From: Stanislav Fomichev <sdf@fomichev.me>
To: netdev@vger.kernel.org
Cc: davem@davemloft.net, edumazet@google.com, kuba@kernel.org,
pabeni@redhat.com
Subject: [PATCH net-next v4 02/14] net: introduce ndo_set_rx_mode_async and netdev_rx_mode_work
Date: Tue, 31 Mar 2026 18:19:02 -0700 [thread overview]
Message-ID: <20260401011914.1716692-3-sdf@fomichev.me> (raw)
In-Reply-To: <20260401011914.1716692-1-sdf@fomichev.me>
Add ndo_set_rx_mode_async callback that drivers can implement instead
of the legacy ndo_set_rx_mode. The legacy callback runs under the
netif_addr_lock spinlock with BHs disabled, preventing drivers from
sleeping. The async variant runs from a work queue with rtnl_lock and
netdev_lock_ops held, in fully sleepable context.
When __dev_set_rx_mode() sees ndo_set_rx_mode_async, it schedules
netdev_rx_mode_work instead of calling the driver inline. The work
function takes two snapshots of each address list (uc/mc) under
the addr_lock, then drops the lock and calls the driver with the
work copies. After the driver returns, it reconciles the snapshots
back to the real lists under the lock.
Add netif_rx_mode_sync() to opportunistically execute the pending
workqueue update inline, so that rx mode changes are committed
before returning to userspace:
- dev_change_flags (SIOCSIFFLAGS / RTM_NEWLINK)
- dev_set_promiscuity
- dev_set_allmulti
- dev_ifsioc SIOCADDMULTI / SIOCDELMULTI
- do_setlink (RTM_SETLINK)
Signed-off-by: Stanislav Fomichev <sdf@fomichev.me>
---
Documentation/networking/netdevices.rst | 9 ++
include/linux/netdevice.h | 16 ++
net/core/dev.c | 46 +-----
net/core/dev.h | 3 +
net/core/dev_addr_lists.c | 194 ++++++++++++++++++++++++
net/core/dev_api.c | 3 +
net/core/dev_ioctl.c | 6 +-
net/core/rtnetlink.c | 1 +
8 files changed, 235 insertions(+), 43 deletions(-)

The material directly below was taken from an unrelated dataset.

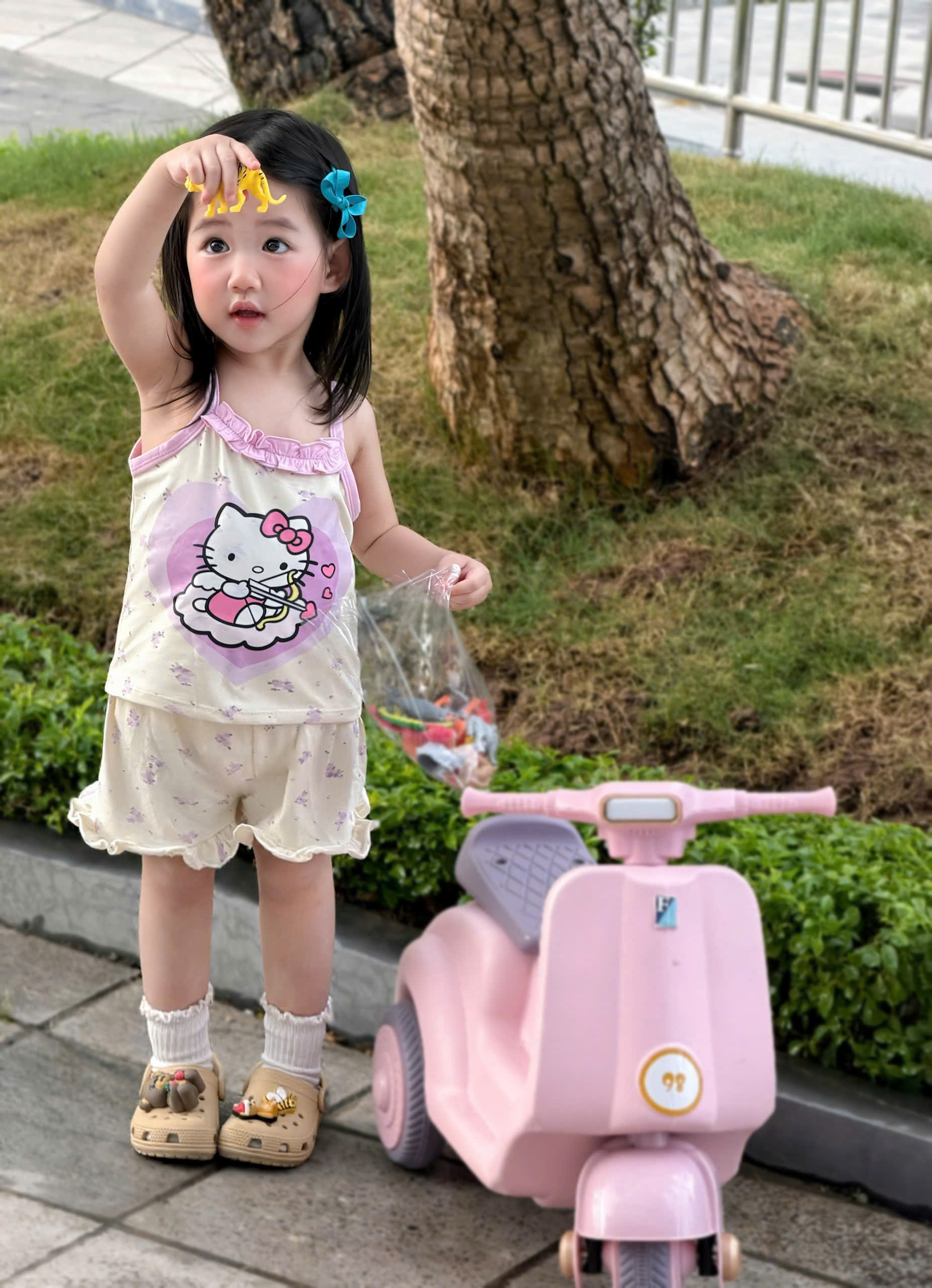 XẢ B495 - SET 2 BỘ 2 DÂY HELLO KITTY TÍM KEM CHẠY BÈO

diff --git a/Documentation/networking/netdevices.rst b/Documentation/networking/netdevices.rst
index 35704d115312..8a488c21fd7c 100644
--- a/Documentation/networking/netdevices.rst
+++ b/Documentation/networking/netdevices.rst
@@ -289,6 +289,15 @@ struct net_device synchronization rules
ndo_set_rx_mode:
Synchronization: netif_addr_lock spinlock.
Context: BHs disabled
+ Notes: Deprecated in favor of ndo_set_rx_mode_async which runs
+ in process context.
+
+ndo_set_rx_mode_async:
+ Synchronization: rtnl_lock() semaphore. In addition, netdev instance
+ lock if the driver implements queue management or shaper API.
+ Context: process (from a work queue)
+ Notes: Async version of ndo_set_rx_mode which runs in process
+ context. Receives snapshots of the unicast and multicast address lists.
ndo_setup_tc:
``TC_SETUP_BLOCK`` and ``TC_SETUP_FT`` are running under NFT locks
diff --git a/include/linux/netdevice.h b/include/linux/netdevice.h
index 151d6f4fd9b3..cf3dd3f1eb0f 100644
--- a/include/linux/netdevice.h
+++ b/include/linux/netdevice.h
@@ -1119,6 +1119,16 @@ struct netdev_net_notifier {
* This function is called device changes address list filtering.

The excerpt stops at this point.